Most of the aircraft currently going to five different nations under the US Foreign Military Sales (FMS) programme include F-16s, P-3 maritime patrol planes, C-130 transports and T-37 trainers.
The most dramatic use of the Boneyard was in reducing the size of the Strategic Air Command's B-52 fleet to conform with the Salt treaties. A giant guillotine chopped up 365 of the bombers, their parts left in neat piles to allow Soviet satellites to verify their destruction.
For every dollar the US federal government spends on maintaining the sprawling facility - the biggest of its kind in the world - it saves or produces at least US$10 from harvesting parts and selling off inventory.

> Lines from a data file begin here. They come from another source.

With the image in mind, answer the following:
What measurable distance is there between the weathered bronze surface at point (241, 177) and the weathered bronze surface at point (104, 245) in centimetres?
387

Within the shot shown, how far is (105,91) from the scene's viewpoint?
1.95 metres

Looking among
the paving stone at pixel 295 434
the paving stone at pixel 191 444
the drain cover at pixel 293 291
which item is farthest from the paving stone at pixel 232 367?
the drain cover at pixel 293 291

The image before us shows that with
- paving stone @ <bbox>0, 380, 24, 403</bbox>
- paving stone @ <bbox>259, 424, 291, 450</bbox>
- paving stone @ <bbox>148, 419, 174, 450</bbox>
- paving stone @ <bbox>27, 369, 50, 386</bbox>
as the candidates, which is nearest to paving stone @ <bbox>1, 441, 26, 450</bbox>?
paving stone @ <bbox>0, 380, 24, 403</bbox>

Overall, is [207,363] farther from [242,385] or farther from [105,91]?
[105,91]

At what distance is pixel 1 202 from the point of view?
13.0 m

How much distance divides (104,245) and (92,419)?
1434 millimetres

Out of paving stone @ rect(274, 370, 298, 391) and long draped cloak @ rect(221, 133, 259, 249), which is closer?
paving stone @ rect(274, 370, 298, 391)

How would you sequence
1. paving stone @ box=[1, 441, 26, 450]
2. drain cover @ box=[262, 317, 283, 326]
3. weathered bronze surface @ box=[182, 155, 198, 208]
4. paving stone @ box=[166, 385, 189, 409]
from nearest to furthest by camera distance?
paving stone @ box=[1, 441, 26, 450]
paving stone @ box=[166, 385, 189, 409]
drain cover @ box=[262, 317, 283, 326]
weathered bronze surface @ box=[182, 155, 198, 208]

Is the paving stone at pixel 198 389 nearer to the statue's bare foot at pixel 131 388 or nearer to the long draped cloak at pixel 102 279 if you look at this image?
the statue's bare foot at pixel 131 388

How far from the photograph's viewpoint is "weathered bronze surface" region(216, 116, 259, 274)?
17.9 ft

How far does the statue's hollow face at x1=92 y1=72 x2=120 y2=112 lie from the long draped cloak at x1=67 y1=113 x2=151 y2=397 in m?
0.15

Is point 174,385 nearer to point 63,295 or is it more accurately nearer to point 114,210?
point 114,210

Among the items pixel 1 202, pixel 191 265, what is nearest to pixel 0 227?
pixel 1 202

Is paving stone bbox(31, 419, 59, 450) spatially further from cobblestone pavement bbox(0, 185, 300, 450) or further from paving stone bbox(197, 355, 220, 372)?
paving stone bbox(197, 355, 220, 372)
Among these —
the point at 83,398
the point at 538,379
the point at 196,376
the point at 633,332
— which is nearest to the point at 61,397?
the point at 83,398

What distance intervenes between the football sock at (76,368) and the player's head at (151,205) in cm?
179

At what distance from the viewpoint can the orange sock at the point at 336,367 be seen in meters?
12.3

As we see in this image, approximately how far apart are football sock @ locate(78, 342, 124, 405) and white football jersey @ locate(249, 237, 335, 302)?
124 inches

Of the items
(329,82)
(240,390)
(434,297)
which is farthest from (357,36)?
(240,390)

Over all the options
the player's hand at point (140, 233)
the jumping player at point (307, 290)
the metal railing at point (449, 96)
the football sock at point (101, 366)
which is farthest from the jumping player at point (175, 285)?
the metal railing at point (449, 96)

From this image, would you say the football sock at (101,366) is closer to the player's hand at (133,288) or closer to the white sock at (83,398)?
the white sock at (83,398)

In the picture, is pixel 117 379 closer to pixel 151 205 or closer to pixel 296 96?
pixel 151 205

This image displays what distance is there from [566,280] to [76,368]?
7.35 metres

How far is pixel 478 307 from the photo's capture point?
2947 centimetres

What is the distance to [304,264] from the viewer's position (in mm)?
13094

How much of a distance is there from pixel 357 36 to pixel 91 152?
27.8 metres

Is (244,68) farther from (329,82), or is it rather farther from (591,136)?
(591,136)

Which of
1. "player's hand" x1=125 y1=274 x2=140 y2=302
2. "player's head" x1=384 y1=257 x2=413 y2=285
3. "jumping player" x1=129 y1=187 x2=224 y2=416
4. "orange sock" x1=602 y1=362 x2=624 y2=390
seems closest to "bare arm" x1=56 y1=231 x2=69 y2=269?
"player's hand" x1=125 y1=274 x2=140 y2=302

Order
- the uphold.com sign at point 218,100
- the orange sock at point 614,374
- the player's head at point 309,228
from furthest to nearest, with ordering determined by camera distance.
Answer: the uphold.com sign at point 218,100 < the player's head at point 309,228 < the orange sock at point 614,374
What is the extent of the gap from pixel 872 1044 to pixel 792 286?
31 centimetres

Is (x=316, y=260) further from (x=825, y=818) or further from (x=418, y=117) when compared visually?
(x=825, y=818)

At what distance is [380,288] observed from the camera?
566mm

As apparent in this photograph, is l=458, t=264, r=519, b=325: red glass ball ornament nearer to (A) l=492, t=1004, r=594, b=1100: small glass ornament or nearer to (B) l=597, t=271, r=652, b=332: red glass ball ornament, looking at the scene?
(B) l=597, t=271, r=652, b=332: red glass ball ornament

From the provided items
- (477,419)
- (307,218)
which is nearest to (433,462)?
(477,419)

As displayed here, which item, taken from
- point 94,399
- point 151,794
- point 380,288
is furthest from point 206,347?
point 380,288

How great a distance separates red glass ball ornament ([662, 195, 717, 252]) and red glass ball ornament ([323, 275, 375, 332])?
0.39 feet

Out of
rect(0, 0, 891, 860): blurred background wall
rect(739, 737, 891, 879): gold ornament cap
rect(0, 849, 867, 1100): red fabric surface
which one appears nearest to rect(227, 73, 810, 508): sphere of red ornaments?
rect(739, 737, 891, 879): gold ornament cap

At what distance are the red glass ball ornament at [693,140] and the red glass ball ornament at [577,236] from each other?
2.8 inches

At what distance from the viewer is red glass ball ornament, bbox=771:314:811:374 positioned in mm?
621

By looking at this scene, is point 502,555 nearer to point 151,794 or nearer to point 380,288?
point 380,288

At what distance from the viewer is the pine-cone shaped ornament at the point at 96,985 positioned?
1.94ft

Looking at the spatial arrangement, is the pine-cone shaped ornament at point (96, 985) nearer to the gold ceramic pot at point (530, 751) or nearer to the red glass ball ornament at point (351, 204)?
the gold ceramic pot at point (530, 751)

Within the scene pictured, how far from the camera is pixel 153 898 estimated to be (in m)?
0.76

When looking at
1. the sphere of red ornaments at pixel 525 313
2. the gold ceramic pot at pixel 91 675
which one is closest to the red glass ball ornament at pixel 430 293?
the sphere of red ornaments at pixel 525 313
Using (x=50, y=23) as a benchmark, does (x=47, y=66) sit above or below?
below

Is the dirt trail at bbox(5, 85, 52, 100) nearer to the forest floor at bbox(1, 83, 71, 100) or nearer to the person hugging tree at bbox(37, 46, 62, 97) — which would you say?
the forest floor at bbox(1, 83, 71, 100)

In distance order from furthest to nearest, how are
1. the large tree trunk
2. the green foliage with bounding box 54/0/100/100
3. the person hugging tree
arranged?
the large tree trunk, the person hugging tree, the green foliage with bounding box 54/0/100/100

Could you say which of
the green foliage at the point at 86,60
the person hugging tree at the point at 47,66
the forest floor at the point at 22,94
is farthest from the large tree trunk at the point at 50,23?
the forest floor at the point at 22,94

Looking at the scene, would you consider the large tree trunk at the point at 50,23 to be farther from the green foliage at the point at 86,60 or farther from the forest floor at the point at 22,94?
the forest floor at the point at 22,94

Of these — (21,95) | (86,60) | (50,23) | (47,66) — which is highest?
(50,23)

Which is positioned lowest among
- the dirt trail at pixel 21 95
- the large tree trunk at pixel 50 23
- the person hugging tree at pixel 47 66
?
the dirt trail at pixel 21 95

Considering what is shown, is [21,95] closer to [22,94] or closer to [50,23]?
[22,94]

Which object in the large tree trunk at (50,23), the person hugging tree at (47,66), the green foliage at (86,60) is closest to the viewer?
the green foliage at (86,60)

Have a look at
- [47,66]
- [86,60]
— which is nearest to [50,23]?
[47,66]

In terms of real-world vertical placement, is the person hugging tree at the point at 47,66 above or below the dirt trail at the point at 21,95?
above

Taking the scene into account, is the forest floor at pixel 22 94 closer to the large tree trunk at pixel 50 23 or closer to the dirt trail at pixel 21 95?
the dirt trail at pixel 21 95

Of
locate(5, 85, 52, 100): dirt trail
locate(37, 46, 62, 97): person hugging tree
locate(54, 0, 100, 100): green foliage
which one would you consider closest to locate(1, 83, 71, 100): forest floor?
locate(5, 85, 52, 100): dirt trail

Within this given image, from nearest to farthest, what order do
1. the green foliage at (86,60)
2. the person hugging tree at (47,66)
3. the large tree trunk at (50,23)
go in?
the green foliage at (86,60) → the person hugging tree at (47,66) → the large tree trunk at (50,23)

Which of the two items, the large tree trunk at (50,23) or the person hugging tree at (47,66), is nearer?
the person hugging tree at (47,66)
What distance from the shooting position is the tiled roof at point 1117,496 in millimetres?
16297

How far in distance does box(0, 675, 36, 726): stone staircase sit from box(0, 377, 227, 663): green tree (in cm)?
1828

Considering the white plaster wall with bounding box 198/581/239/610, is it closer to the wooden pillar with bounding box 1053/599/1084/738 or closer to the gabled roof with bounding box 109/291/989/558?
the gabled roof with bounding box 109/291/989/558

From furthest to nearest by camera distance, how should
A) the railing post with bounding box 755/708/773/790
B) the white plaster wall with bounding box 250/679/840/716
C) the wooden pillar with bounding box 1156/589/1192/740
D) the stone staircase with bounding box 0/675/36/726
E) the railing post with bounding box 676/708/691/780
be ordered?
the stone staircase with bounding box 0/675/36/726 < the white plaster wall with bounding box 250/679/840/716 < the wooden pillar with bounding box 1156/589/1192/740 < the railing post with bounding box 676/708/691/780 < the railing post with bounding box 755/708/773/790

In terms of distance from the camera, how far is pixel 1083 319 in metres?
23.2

Because it is adjacent to an active airbase, the only access is via a thrice-daily bus tour. Even then, tourists are not allowed off the vehicle as it slowly passes row after row of everything from surviving B-52s to B-1 bombers and F-15 fighters.
How many years Indonesia's two new squadrons of F-16s will remain in service is anyone's guess, but it could well be into the mid-2020s and, with regular upgrades, perhaps even beyond.
It will not be as long as the eight-engine B-52, which entered service in the US Air Force in 1955. More than 80 are still flying and - from what our tour guide was telling us - they could be with the new Air Force Global Strike Command until 2040.